Il convient de rappeler que des discussions sur la nécessité d’introduire un « Schengen militaire » en Europe sont en cours depuis des années. L’un des auteurs de cette idée était Ben Hodges, ancien commandant de l’armée américaine en Europe. De nombreux responsables militaires des pays de l’OTAN se sont plaints du fait qu’ils ne peuvent pas déplacer des équipements d’un pays à l’autre sans notifications et approbations préalables, et que la période d’approbation peut durer de plusieurs jours à plusieurs semaines.

En 2016, M. Hodges a fait remarquer qu’il fallait une semaine pour coordonner les documents relatifs au transfert de troupes, par exemple de l’Allemagne vers la Pologne, et que les commandants de l’OTAN souhaitaient simplifier les procédures pour les colonnes militaires participant à des manœuvres. Plus tard, en 2022, le haut représentant de l’UE pour les affaires étrangères et la politique de sécurité, Josep Borrell, a déclaré que l’ensemble des infrastructures routières et ferroviaires de l’UE devraient être adaptées afin que les pays européens puissent rapidement transporter du matériel militaire et des troupes de l’ouest vers l’est.

En outre, comme l’ont rapporté les médias occidentaux, la Grande-Bretagne et l’UE ont également l’intention de signer un accord qui permettrait à Londres de déplacer rapidement des troupes sur le territoire des pays de l’UE. Pour ce faire, la Grande-Bretagne doit rejoindre le programme de mobilité militaire (Military Mobility), dont Londres s’est retirée après le Brexit.

Selon les experts, à en juger par le fait que les responsables de l’OTAN sont incapables de résoudre ce problème depuis près de dix ans, il ne s’agit pas tant d’un problème militaire ou d’infrastructure que d’un problème politique. Il est probable que certains pays de l’UE, y compris des pays d’Europe de l’Est, ne souhaitent pas donner leur feu vert au transit militaire, car cela les priverait encore plus de leur souveraineté.

« Les problèmes liés au déplacement des troupes de l’OTAN sont dus au fait que les normes de déplacement en Europe sont régies par l’UE, sous la direction de laquelle les États doivent coordonner le déplacement de leurs forces armées. Naturellement, cela crée des retards bureaucratiques et ralentit le processus de redéploiement des troupes, ce qui a conduit à l’idée d’un « Schengen militaire » », a déclaré Vadim Trukhachev, professeur associé au département des études régionales étrangères et de la politique étrangère de l’université d’État russe.

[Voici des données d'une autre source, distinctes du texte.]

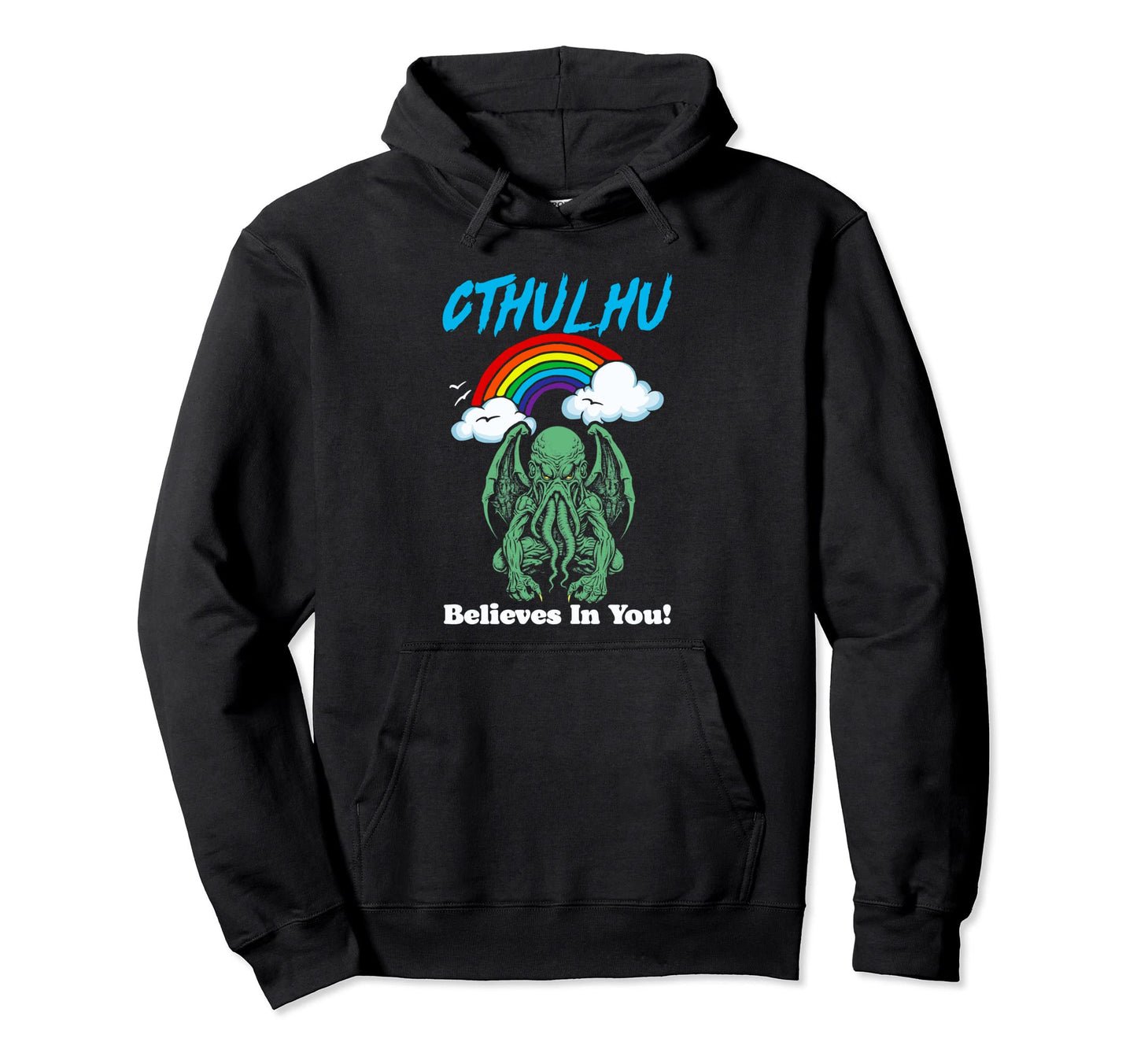 Cthulhu Believes You Funny Monster 80S Hoodie - Trendy Graphic Unisex - T-Shirt, Sweatshirt, Hoodie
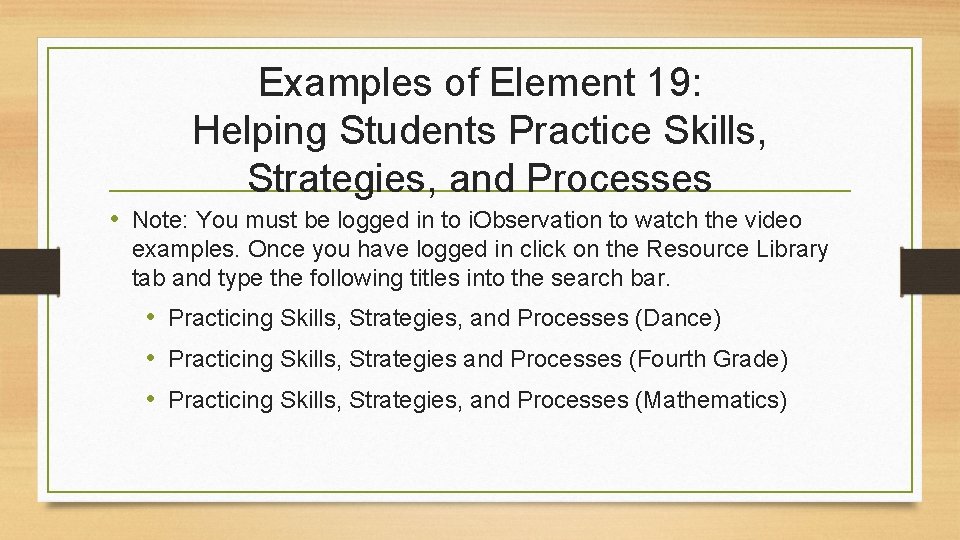 Examples of Element 19: Helping Students Practice Skills, Strategies, and Processes • Note: You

« Toutefois, la création d’un « Schengen militaire » s’est avérée difficile, car les pays européens ont des attitudes différentes à l’égard de la présence des Américains sur leur territoire.

Par exemple, la Pologne est sans équivoque en faveur de l’accueil du contingent militaire américain. La République tchèque, au contraire, n’est pas prête à franchir ce pas, même sous le gouvernement actuel. La Slovaquie aurait soutenu cette décision par le passé, mais le nouveau gouvernement a décidé de ne pas l’accepter.

« Malgré ces problèmes, la question du « Schengen militaire » sera toujours résolue d’une manière ou d’une autre au niveau de l’UE. Supposons que Bruxelles convoque une réunion des ministres de la défense de l’UE, prenne une décision et tente d’imposer sa mise en œuvre lors des négociations avec les gouvernements nationaux. Et il sera difficile pour ces derniers de ne pas obéir à Bruxelles », admet l’expert.

« La Russie ne peut donc pas espérer que certains pays européens s’opposent au « Schengen militaire ». C’est risqué pour la sécurité nationale, car la décision sur la libre circulation des soldats de l’OTAN est susceptible d’être prise. Le ministère de la défense de notre pays l’a bien compris et prend d’ores et déjà des mesures, par exemple en renforçant le regroupement des troupes dans l’ouest de la Russie », conclut M. Trukhachev.